Part Three of the plan allows for an exploration and understanding of a client's deeper self, identifying and understanding the parts of them that support their goals, and the parts that get in the way of achieving what they truly want. It allows for them to truly address the emotional, mental, physical and spiritual challenges that will support them in achieving long-lasting weight-loss success. I have found that the greater the emotional attachment to food, the more necessary it is to explore the inner self as a way of truly understanding ourselves and our addictive behavior.
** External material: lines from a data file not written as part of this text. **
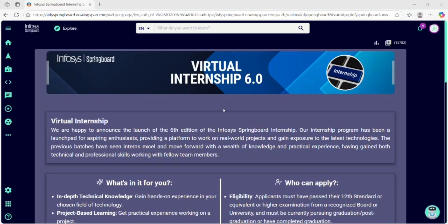Hey everyone, welcome back to Beyond B-Tech, your one-stop place for smart study tips, coding projects and everything a B-Tech student needs to succeed. Today, I will show you how to complete Infosys Springboard 6.0 — all the courses and the certification — in just one day.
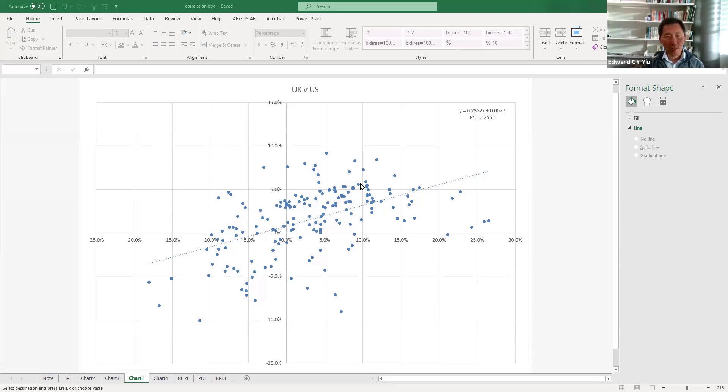Hi, welcome back. Today I would like to show you how to create this correlation chart and generate the correlation coefficients.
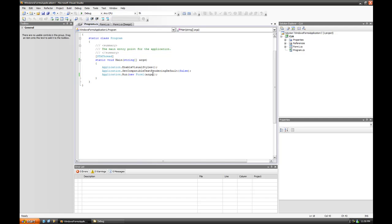Like Internet Explorer, for instance: if you send dash safe mode into the executable, Internet Explorer will boot up in safe mode, which is like no add-ons. There's several other command line switches you can use for Internet Explorer.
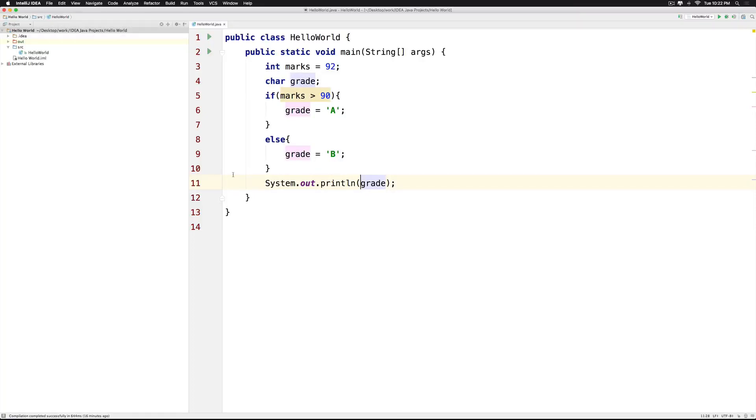Hi there, this is Vivz here. In this video, I will show you how to use the ternary operator in IntelliJ.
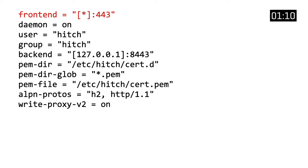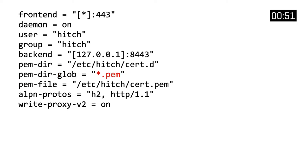The frontend is our listening address, bound on all network interfaces, listening on the conventional TLS port 443. The backend represents Varnish, hosted locally on port 8443. The PEMDIR directive specifies a directory where certificates can be found at etc/hitch/cert.d, and we won't load every single file but only the ones matching the glob pattern .pem. Certificates can also be explicitly loaded through PEM file, and etc/hitch/cert.pem acts as our fallback.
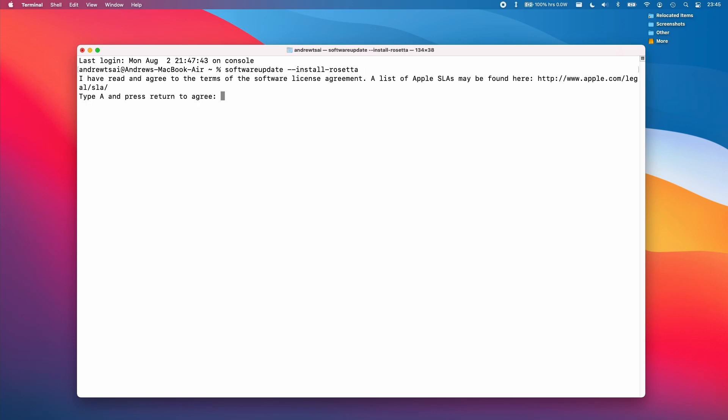Now I'm going to press Return. And then here it's asking us to agree to the licensing agreement. So I'm going to type in the letter A and then return.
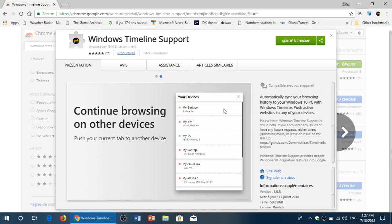What you need to do is go into the extension store and get Windows timeline support. When you add that to Google Chrome browser, you will now have Google Chrome actually reporting and syncing your history of what you've done.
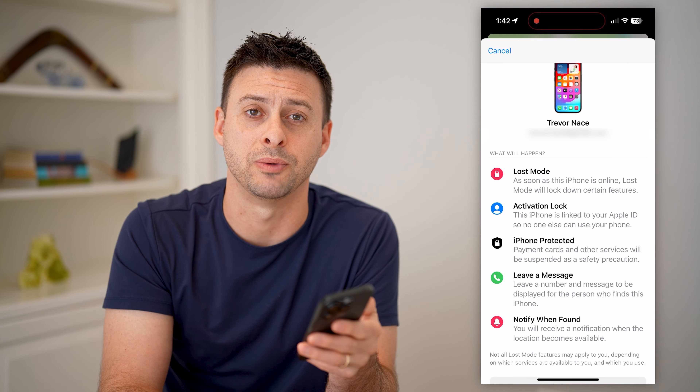I hope this helps. If it did, hit the subscribe button down below — it really helps me out, and I'll catch you on the next one.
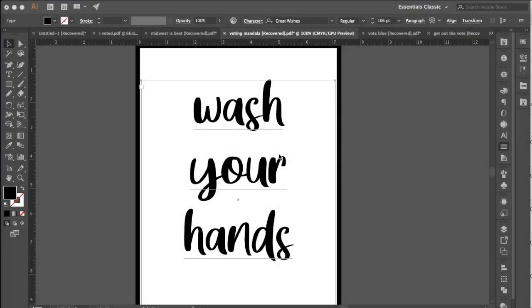Hello! Today I'm going to show you how to create a hand-lettered effect just using some script or hand-lettered fonts from the internet and your pencil tool in Illustrator.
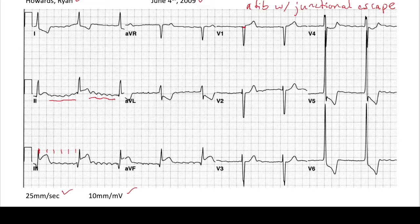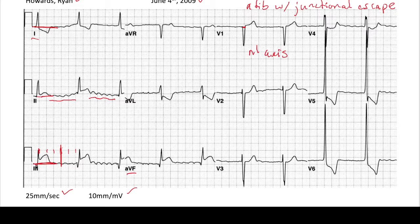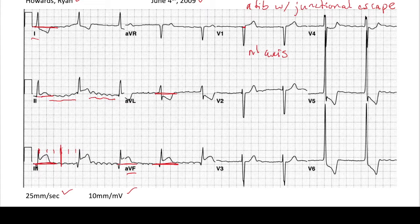Next we look at axis. Lead one is positive, AVF is positive — so it's a normal axis. Then we look at intervals. We can't assess the PR interval because this patient is in AFib. QRS is narrow. QT looks rather normal — less than half of the R-to-R interval; we'd check the QTc on the paper. Then we check for ischemia. Lead one: some ST depressions. In the second beat of lead two: ST elevations. Lead three: definite ST elevations. AVF: similarly some ST elevations — that's concerning. AVR: none. AVL: some ST depressions. V1: slight elevations in first beat, flatter in second. V2: flat. V3: flat. V4: some ST depressions. V5: some ST depressions. V6: some ST depressions.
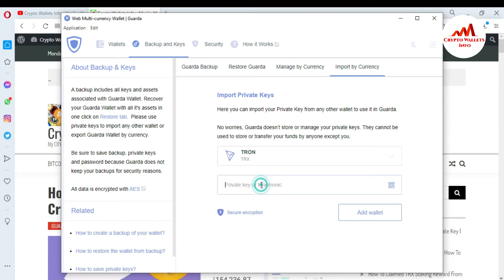There you need to enter your private key. You can also import your wallet with mnemonic phrases if you have them. But this time I have my private key, so I am going to import my Tron wallet with my private key in Guarda wallet.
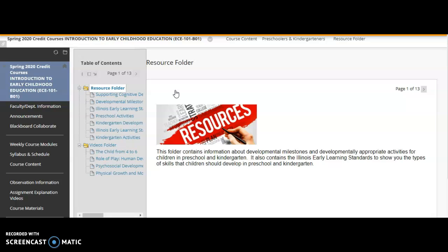In the resource folder there's going to be information on both preschoolers and kindergartners. Within that folder you're going to find information that gives you the different developmental milestones that children in preschool and kindergarten will be needing. You're going to see different physical development skills, different cognitive development skills, and different social emotional development skills for each of those age groups.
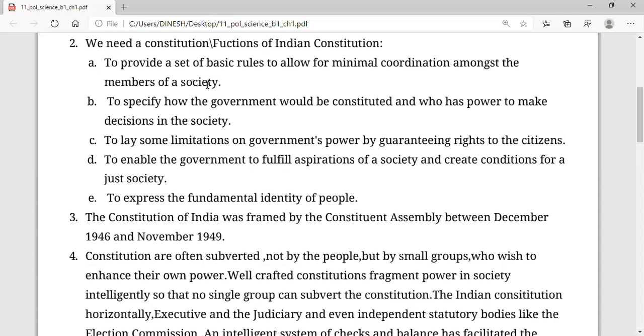Now let's move to the second point. It is asking about specification of decision-making powers.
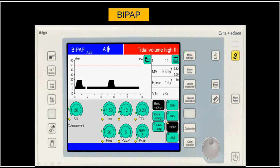On the Drager, you also set the rising time — how fast you go up to the high CPAP — and the pressure support, which is set above the lower CPAP. For example, pressure support of 8 above a lower CPAP of 5 gives a total of 13 cm of water. The rising time is also set, and the expiratory sensitivity for pressure support is fixed on this machine.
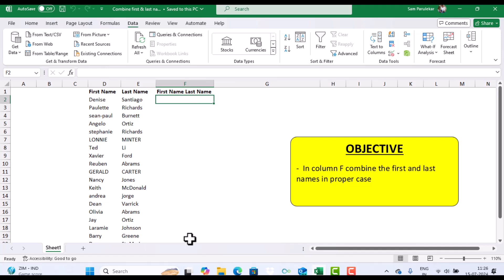So exactly, that's the challenge for this week. I would like you to combine the first and the last names in column F and also ensure that the names are in proper case. And please do not type the names.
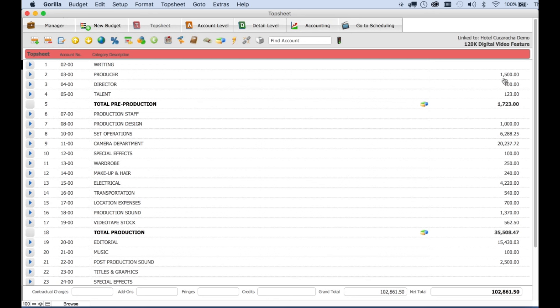Next, let me show you how to add a global to your budget. A global is simply a name with a value attached to it. It's a very powerful feature when creating a budget.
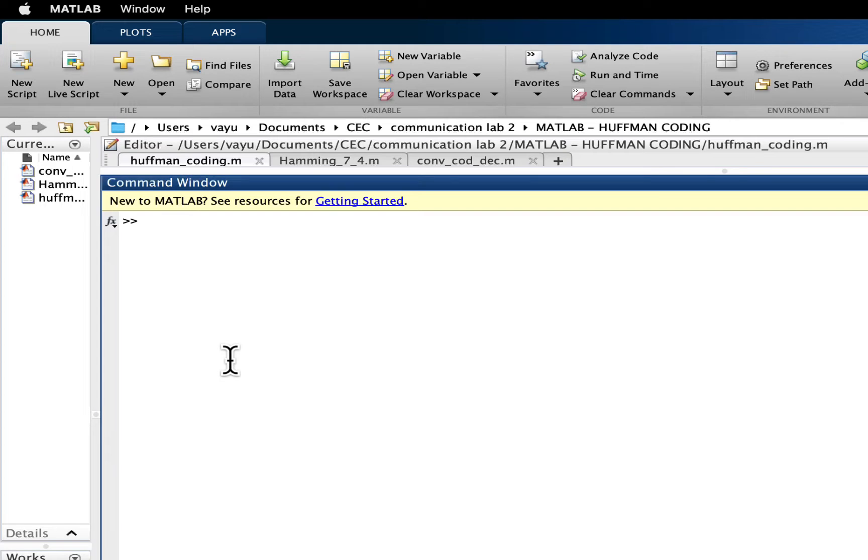Hello everyone. In this video, I will show how to take transpose of a matrix or transpose of a vector.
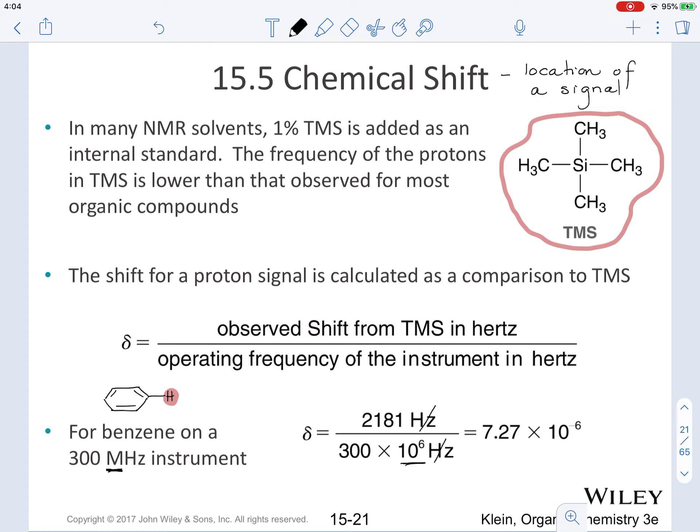Shielded protons require a stronger external magnetic field to be excited at the same energy as deshielded protons. When a proton has higher electron density — meaning it is shielded — the electrons surrounding the nucleus create their own magnetic fields, so the applied external magnetic field is felt less for shielded protons compared to deshielded ones. This shielding and deshielding is always in reference to the nucleus of a particular atom. Currently, NMR is performed at a constant field strength over a range of energies.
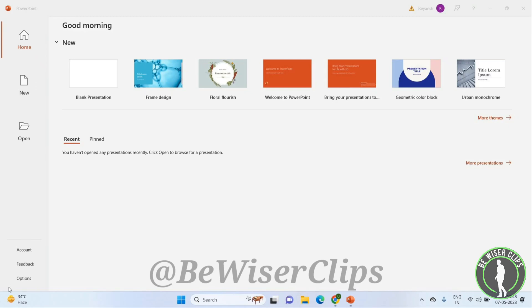Hello friends, welcome back again. I hope you all are doing good. In this video, we are going to learn how to change the language of PowerPoint. So let's begin. Once you open PowerPoint, you will get this page.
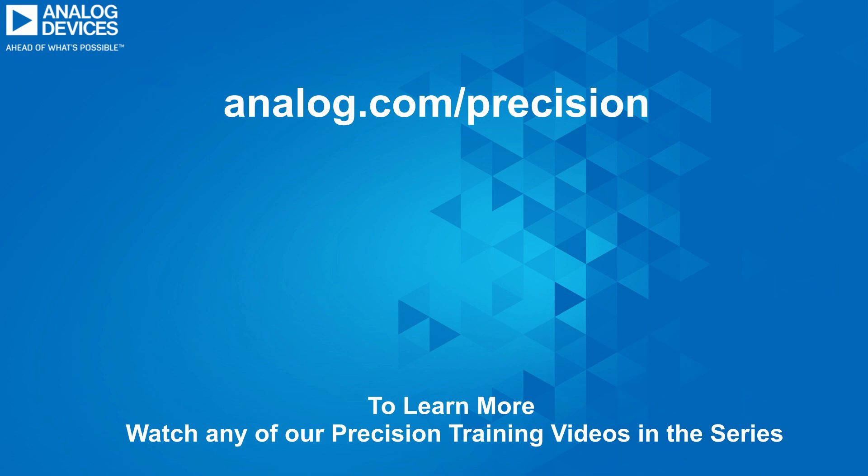Click on the link below or visit analog.com/precision.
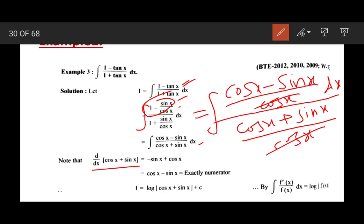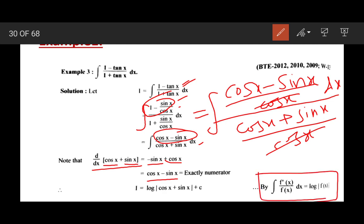Now we know that the derivative of (cosx + sinx) is −sinx + cosx, which is exactly the numerator. So here I apply the first result: the numerator is the derivative of the denominator. Using ∫f'(x)/f(x) dx = log|f(x)| + c, the answer is log|cosx + sinx| + c.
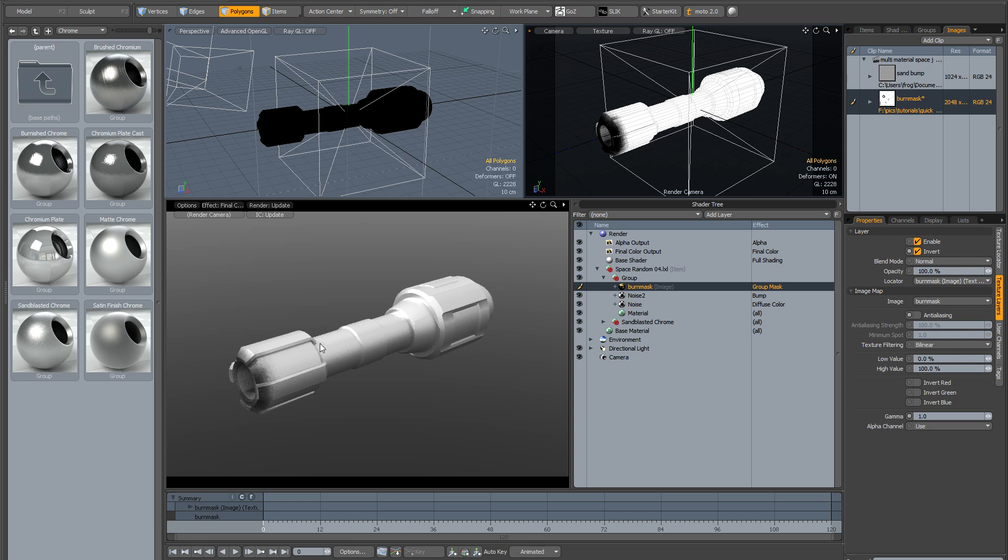And now you can see what's happening is that we've got our original chrome material. And here, in this area here, is being masked out by our burnt material.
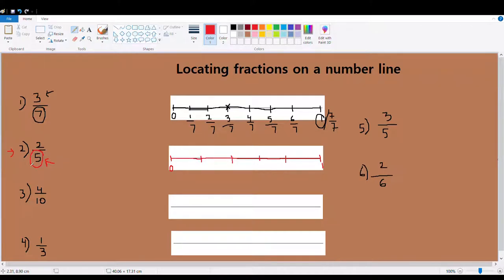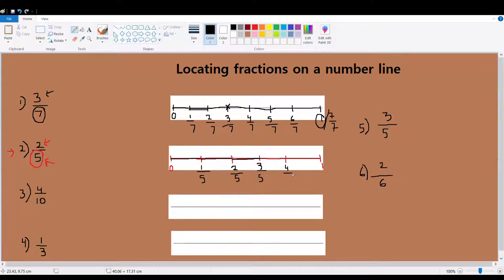Since I'm done dividing my whole into five equal parts, I look at my numerator. It says locate the second part out of five equal parts. This is my one part out of five, this is my two parts out of five equal parts, my three parts, my four parts, and my fifth part — in other words, one whole. As you can see, my two out of five is right here: one part and two parts.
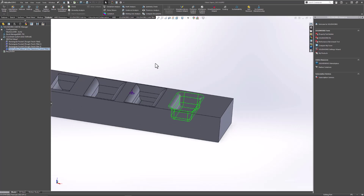So that's how you can recognize and machine pocket features with fillets inside of SOLIDWORKS CAM. If you're interested in additional content related to SOLIDWORKS CAM or have questions relating to a SOLIDWORKS product, feel free to visit us at gsc-3d.com. This has been Alejandro with GSC — thanks for watching.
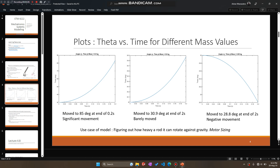Let's figure out what the three possible behaviors are. In case A, where the mass is 0.5 kilograms, at the end of 0.2 seconds the rod has reached an angle of approximately 90 degrees — it has reached the vertical position. In case B, at the end of 0.2 seconds the angle is 30.9 degrees; it started from 30 degrees and moved to only 30.9 degrees, which is an extremely small increment in the angle. We'll call this a bare movement.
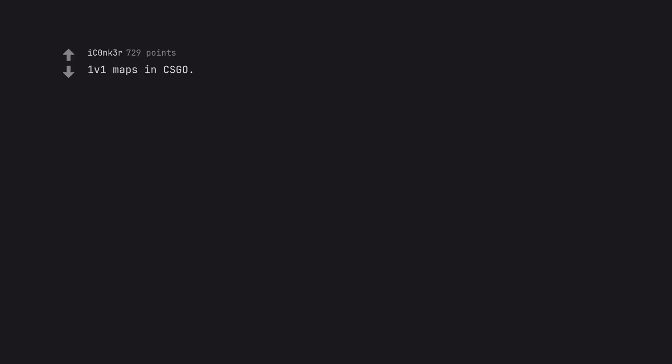1v1 AWP maps in CS:GO. If your relationship can't survive that, it can survive anything.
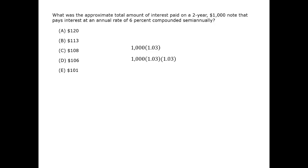At the end of 2 years, or 4 compoundings, we have a total value of $1,000 times 1.03 to the 4th power.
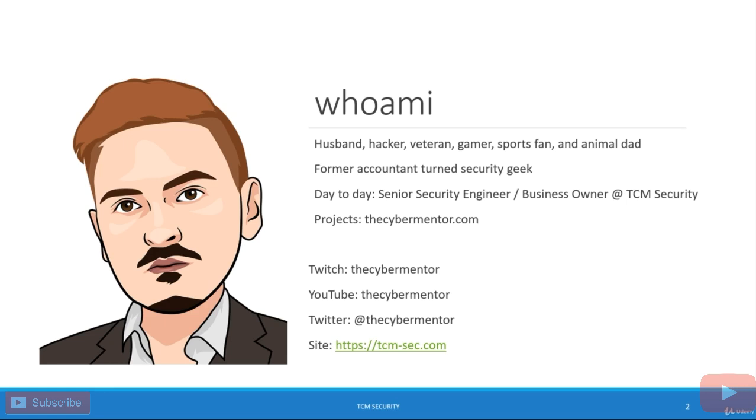So I'm known online by the personality of the cyber mentor. I am a Twitch streamer, a YouTuber. I have Twitter. I'm on the social medias. And I love teaching ethical hacking concepts. I love ethical hacking and penetration testing and I'm excited for this course.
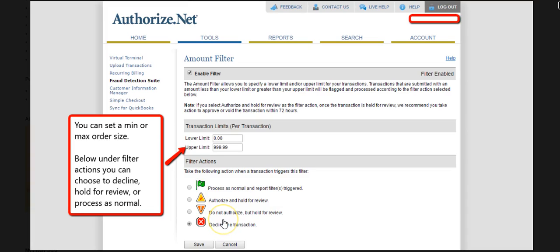The next option is we can not authorize a transaction but hold it for review, which basically means not collecting the money. You would have to go in and click that you want to allow the transaction, and then it would authorize it. You can also place a hold on those funds and hold it for review, deciding on a case-by-case basis if you want to fill the order. The last option is the green flag — you're just allowing transactions. If you have the green flag checked, your filter is meaningless because it's going to allow the transactions to go through anyway.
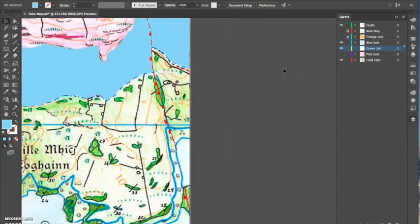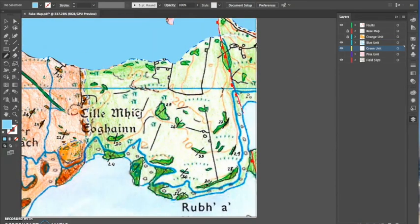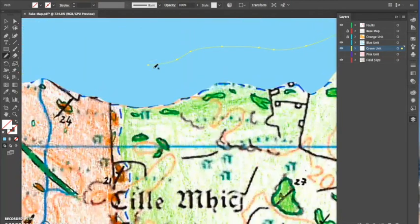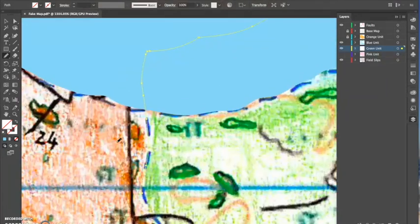My green unit is going to be hidden below my blue unit — you can see in the layer panel it's below the blue. I can then go quite carefully around this boundary because I'll likely use it.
Recently, I went to a three-hour panel presentation on food addiction that included a psychiatrist, a psychologist and neuroscientist, a medical doctor who is a neuroendocrinologist, a clinical psychologist and research scientist, a journalist who lost hundreds of pounds, and an addiction-specialist medical doctor who runs the largest addiction treatment center in Canada. These powerful and brilliant speakers all supported the fact that food addiction is a reality, and they all demonstrated sensitivity to the challenges of managing food addiction in a society that supports unhealthful eating habits.

As a weight-loss coach and chiropractor, whose orientation is to allow the body to heal itself with as few drugs as possible, I was saddened and disheartened to hear about the many unsuccessful weight-loss strategies that have been tried over the years, including bariatric surgery, and weight-loss drugs, which have had dire side-effects, and few if any long-term benefits.

The good news—and I see this over and over again with my clients—is that people succeed who have a specific, healthful, easy-to-follow plan. A good plan should allow you to choose what you eat and drink, gain insight into the emotional working of your mind and heart, and be accountable to someone besides themselves. This is where I can help. I know the challenges that overweight people face, and I know that healthful and long-lasting weight loss can be achieved!